| YOUR TASK |
The listing below contains a span that opens with the line containing "BIOAQUA 2PCS/set Olive" and closes with the line containing "Logo Graphic Pants Cotton Wide Leg - Eleven". Return that span exactly.

── MATERIAL FOR THE TASK

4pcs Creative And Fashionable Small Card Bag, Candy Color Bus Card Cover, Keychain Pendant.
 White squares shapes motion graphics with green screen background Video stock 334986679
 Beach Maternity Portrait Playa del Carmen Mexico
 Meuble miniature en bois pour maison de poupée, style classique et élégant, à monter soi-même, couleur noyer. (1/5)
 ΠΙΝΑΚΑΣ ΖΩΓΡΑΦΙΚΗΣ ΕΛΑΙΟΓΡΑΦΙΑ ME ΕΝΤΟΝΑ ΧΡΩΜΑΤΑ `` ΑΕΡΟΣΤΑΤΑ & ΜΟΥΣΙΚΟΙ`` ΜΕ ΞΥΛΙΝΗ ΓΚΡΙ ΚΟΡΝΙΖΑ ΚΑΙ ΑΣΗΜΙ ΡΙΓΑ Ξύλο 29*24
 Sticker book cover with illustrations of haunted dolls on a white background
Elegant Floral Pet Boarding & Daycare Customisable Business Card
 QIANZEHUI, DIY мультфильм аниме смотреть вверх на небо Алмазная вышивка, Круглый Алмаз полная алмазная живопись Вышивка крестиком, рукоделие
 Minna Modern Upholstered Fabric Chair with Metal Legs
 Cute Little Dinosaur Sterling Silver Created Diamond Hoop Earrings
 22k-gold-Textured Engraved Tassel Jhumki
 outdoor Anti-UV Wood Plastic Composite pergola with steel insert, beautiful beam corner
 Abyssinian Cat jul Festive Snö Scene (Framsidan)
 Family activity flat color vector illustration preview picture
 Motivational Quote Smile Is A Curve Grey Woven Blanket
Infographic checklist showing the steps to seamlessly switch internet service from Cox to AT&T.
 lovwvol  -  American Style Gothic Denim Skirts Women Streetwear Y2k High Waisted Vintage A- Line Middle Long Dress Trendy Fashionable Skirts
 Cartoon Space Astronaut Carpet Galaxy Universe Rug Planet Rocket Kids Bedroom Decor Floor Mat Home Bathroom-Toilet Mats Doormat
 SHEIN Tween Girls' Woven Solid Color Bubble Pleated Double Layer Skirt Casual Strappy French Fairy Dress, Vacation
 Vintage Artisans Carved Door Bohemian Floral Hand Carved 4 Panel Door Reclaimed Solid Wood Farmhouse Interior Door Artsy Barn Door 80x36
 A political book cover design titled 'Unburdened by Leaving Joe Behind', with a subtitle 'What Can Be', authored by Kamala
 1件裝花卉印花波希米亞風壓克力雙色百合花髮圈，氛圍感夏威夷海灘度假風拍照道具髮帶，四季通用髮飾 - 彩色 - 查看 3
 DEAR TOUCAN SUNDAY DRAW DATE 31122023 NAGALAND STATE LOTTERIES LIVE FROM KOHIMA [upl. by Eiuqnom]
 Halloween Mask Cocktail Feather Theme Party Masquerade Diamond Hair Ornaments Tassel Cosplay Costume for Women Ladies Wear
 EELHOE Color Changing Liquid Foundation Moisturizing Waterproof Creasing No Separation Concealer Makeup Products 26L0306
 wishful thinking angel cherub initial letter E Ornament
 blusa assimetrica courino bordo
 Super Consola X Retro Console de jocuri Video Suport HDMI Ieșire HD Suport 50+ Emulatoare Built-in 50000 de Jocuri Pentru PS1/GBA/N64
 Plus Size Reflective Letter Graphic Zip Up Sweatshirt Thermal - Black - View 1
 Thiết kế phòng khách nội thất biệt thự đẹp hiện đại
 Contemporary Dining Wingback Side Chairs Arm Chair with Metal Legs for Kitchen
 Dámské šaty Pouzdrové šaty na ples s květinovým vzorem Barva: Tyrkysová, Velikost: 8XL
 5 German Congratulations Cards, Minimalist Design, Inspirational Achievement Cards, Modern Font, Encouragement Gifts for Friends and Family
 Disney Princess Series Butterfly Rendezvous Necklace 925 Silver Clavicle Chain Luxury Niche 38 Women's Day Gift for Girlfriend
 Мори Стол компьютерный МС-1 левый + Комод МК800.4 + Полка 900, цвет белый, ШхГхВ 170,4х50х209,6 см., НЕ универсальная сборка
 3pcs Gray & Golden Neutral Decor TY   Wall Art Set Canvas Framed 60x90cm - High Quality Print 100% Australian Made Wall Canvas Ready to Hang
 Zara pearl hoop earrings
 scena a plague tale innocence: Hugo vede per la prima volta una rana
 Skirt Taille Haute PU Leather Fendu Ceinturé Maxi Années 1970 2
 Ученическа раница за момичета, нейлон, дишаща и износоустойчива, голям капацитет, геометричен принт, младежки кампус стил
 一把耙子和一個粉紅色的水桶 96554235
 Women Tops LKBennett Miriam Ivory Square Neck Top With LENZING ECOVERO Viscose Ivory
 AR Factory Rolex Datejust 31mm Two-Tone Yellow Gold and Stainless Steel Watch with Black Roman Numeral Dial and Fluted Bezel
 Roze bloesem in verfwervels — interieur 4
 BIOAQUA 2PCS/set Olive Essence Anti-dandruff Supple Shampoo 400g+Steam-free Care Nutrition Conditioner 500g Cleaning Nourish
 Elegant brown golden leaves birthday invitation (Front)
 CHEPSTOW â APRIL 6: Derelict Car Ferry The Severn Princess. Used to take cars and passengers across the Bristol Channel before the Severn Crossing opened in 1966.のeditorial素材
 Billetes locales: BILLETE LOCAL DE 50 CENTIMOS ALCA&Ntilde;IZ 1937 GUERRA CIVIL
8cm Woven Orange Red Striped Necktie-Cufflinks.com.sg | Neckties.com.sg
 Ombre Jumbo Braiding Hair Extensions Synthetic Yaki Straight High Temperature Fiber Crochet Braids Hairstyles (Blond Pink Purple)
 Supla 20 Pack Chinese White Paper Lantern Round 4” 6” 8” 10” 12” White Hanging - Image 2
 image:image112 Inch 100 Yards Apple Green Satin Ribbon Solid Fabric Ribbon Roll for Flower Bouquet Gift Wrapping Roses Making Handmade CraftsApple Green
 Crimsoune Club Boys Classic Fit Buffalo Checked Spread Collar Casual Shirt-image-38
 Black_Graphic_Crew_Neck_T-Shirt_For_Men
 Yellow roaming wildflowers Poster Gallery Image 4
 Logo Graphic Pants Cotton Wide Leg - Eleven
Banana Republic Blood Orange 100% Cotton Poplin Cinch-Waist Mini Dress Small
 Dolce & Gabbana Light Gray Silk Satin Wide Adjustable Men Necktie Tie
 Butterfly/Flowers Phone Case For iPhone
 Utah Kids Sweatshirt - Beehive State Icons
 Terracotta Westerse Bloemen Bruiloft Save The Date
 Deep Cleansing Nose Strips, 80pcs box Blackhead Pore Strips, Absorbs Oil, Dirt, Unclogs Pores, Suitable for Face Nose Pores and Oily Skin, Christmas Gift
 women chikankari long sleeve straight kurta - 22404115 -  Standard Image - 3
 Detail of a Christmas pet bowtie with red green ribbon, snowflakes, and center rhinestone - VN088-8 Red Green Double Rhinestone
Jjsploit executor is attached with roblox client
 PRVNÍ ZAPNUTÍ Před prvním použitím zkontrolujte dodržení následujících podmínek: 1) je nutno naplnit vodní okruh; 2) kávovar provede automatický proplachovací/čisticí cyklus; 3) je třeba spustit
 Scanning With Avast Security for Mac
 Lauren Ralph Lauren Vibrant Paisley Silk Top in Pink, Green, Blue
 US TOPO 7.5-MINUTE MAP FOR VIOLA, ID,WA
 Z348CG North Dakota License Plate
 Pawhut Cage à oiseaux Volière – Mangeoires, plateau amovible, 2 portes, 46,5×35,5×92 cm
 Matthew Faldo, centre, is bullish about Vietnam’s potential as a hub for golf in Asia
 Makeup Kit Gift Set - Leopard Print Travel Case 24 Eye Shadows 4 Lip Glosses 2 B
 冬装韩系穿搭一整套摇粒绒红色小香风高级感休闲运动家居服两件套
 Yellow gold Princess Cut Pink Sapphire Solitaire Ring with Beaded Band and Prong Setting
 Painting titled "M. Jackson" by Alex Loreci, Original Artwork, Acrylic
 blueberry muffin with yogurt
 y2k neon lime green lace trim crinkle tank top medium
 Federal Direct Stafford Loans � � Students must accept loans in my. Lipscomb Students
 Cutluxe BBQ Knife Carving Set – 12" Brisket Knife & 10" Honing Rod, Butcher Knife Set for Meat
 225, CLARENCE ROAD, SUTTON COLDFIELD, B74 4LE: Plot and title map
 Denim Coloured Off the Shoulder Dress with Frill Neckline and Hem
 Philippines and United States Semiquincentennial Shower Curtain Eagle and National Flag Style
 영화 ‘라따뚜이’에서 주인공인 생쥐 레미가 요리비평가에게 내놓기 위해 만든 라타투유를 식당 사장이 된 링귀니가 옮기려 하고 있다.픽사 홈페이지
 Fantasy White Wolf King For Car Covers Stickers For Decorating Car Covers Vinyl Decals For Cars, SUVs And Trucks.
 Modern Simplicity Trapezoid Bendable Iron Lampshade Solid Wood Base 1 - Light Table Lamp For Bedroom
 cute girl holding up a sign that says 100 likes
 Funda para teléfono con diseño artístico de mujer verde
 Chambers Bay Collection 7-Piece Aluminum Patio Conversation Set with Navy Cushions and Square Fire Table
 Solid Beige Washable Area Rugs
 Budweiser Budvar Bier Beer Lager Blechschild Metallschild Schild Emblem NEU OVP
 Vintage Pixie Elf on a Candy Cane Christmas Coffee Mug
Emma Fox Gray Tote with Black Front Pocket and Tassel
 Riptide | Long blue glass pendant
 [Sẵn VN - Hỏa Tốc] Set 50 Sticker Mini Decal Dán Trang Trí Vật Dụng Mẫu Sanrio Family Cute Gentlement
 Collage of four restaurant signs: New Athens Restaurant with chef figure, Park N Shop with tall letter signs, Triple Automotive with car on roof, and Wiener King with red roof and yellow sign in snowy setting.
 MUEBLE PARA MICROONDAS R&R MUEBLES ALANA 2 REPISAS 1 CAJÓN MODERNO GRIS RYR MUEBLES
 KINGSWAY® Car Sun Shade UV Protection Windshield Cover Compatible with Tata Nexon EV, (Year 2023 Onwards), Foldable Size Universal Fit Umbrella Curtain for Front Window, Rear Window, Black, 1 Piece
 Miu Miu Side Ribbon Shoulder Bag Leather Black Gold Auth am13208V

────

| RESPONSE |
 BIOAQUA 2PCS/set Olive Essence Anti-dandruff Supple Shampoo 400g+Steam-free Care Nutrition Conditioner 500g Cleaning Nourish
 Elegant brown golden leaves birthday invitation (Front)
 CHEPSTOW â APRIL 6: Derelict Car Ferry The Severn Princess. Used to take cars and passengers across the Bristol Channel before the Severn Crossing opened in 1966.のeditorial素材
 Billetes locales: BILLETE LOCAL DE 50 CENTIMOS ALCA&Ntilde;IZ 1937 GUERRA CIVIL
8cm Woven Orange Red Striped Necktie-Cufflinks.com.sg | Neckties.com.sg
 Ombre Jumbo Braiding Hair Extensions Synthetic Yaki Straight High Temperature Fiber Crochet Braids Hairstyles (Blond Pink Purple)
 Supla 20 Pack Chinese White Paper Lantern Round 4” 6” 8” 10” 12” White Hanging - Image 2
 image:image112 Inch 100 Yards Apple Green Satin Ribbon Solid Fabric Ribbon Roll for Flower Bouquet Gift Wrapping Roses Making Handmade CraftsApple Green
 Crimsoune Club Boys Classic Fit Buffalo Checked Spread Collar Casual Shirt-image-38
 Black_Graphic_Crew_Neck_T-Shirt_For_Men
 Yellow roaming wildflowers Poster Gallery Image 4
 Logo Graphic Pants Cotton Wide Leg - Eleven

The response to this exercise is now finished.